Re: [PATCH dwarves v1] btf_encoder: handle .BTF_ids section endianness when cross-compiling

public inbox for dwarves@vger.kernel.org
 help / color / mirror / Atom feed

From: Jiri Olsa <olsajiri@gmail.com>
To: Eduard Zingerman <eddyz87@gmail.com>
Cc: dwarves@vger.kernel.org, arnaldo.melo@gmail.com,
	bpf@vger.kernel.org, kernel-team@fb.com, ast@kernel.org,
	daniel@iogearbox.net, andrii@kernel.org, yonghong.song@linux.dev,
	Alan Maguire <alan.maguire@oracle.com>, Daniel Xu <dxu@dxuuu.xyz>,
	Kumar Kartikeya Dwivedi <memxor@gmail.com>,
	Vadim Fedorenko <vadfed@meta.com>
Subject: Re: [PATCH dwarves v1] btf_encoder: handle .BTF_ids section endianness when cross-compiling
Date: Fri, 22 Nov 2024 16:11:01 +0100	[thread overview]
Message-ID: <Z0CfBQR8zxgJv_AP@krava> (raw)
In-Reply-To: <20241122070218.3832680-1-eddyz87@gmail.com>

On Thu, Nov 21, 2024 at 11:02:18PM -0800, Eduard Zingerman wrote:
> btf_encoder__tag_kfuncs() reads .BTF_ids section to identify a set of
> kfuncs present in the ELF being processed.
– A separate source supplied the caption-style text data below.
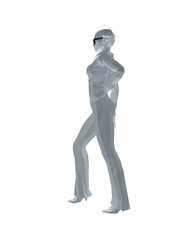 Stylish young women dressed in trendy clothes. Fashionable casual and formal outfits. 3D polygonal vector illustration. Girl boss. Fashion girl in sunglasses girl boss. woman face vector illustration.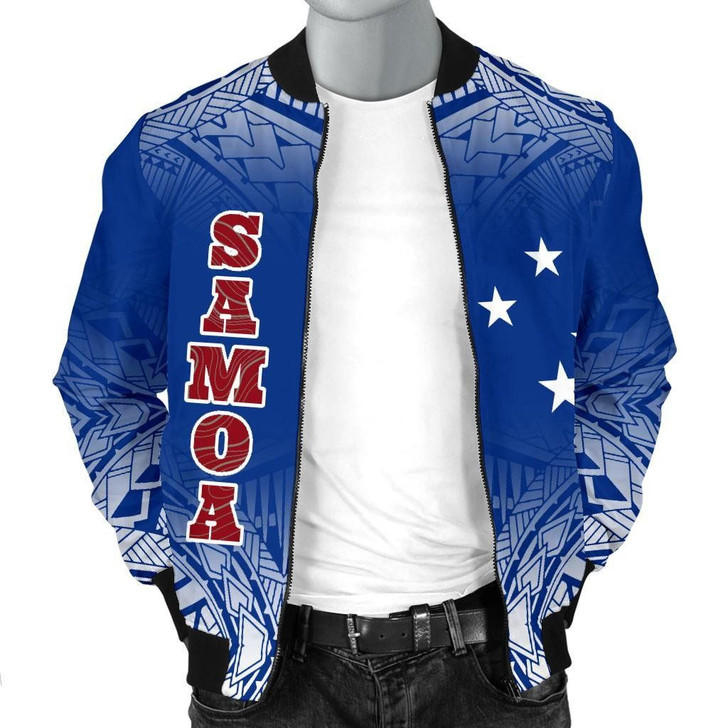 FUNSTUFFPRINTINT  Samoa Men’s Bomber Jacket – Polynesian Fog Blue – BN09 3D Bomber Jacket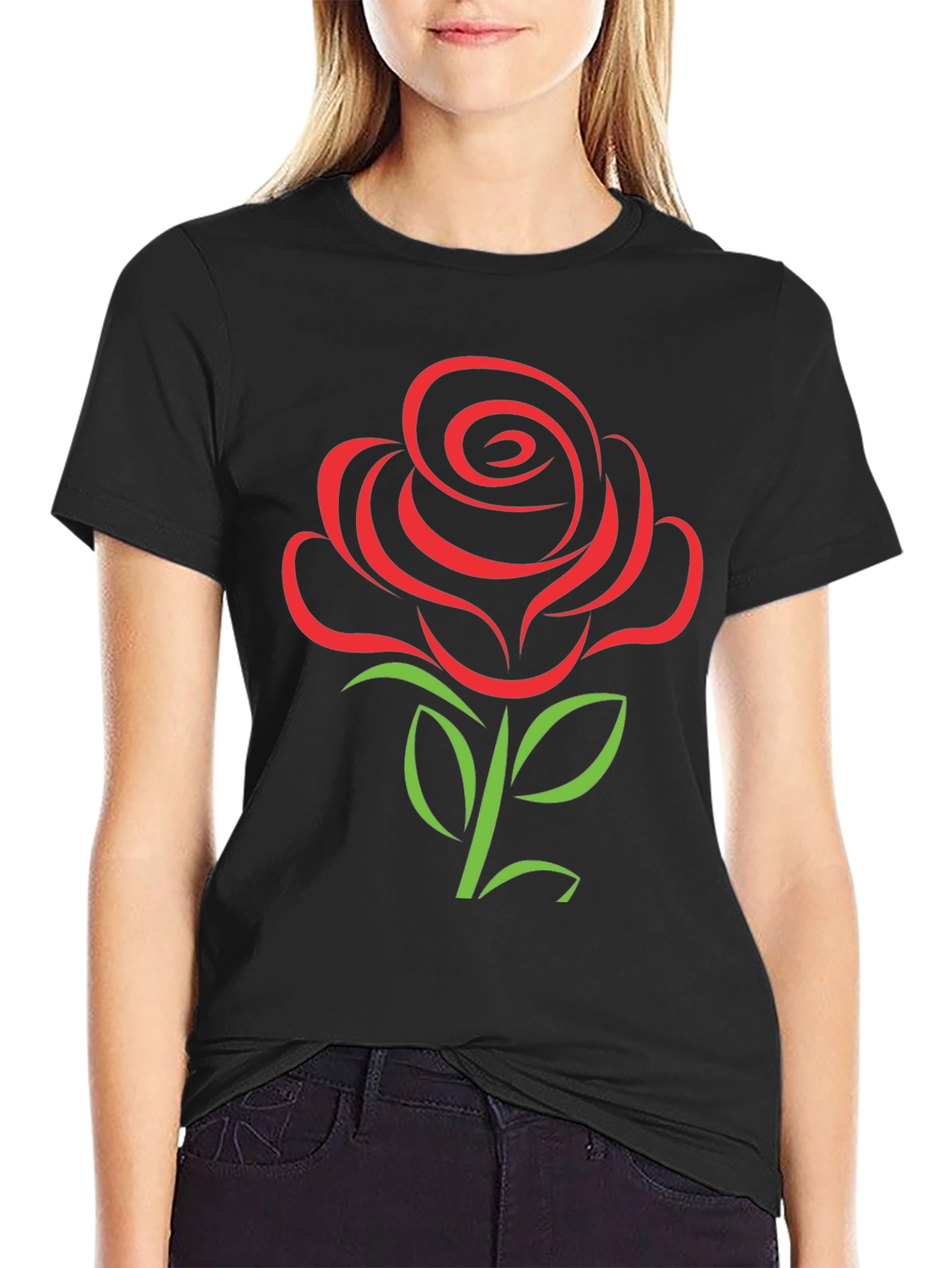 Rose Graphic Tee - Black Short Sleeve T-Shirt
This section consists of
> records of the following shape:
> 
>   struct btf_id_and_flag {
>       uint32_t id;
>       uint32_t flags;
>   };

it contains pairs like above and also just id arrays with no flags, but
that does not matter for the patch functionality, because you swap by
u32 values anyway

> 
> When endianness of binary operated by pahole differs from the
> host endianness these fields require byte swap before using.
> 
> At the moment such byte swap does not happen and kfuncs are not marked
> with decl tags when e.g. s390 kernel is compiled on x86.
> To reproduces the bug:
> - follow instructions from [0] to build an s390 vmlinux;
> - execute:
>   pahole --btf_features_strict=decl_tag_kfuncs,decl_tag \
>          --btf_encode_detached=test.btf vmlinux
> - observe no kfuncs generated:
>   bpftool btf dump test.btf format c | grep __ksym
> 
> This commit fixes the issue by adding an endianness conversion step
> for .BTF_ids section data before main processing step, modifying the
> Elf_Data object in-place.
> The choice is such in order to:
> - minimize changes;
> - keep using Elf_Data, as it provides fields {d_size,d_off} used
>   by kfunc processing routines;
> - avoid sprinkling bswap_32 at each 'struct btf_id_and_flag' field
>   access in fear of forgetting to add new ones when code is modified.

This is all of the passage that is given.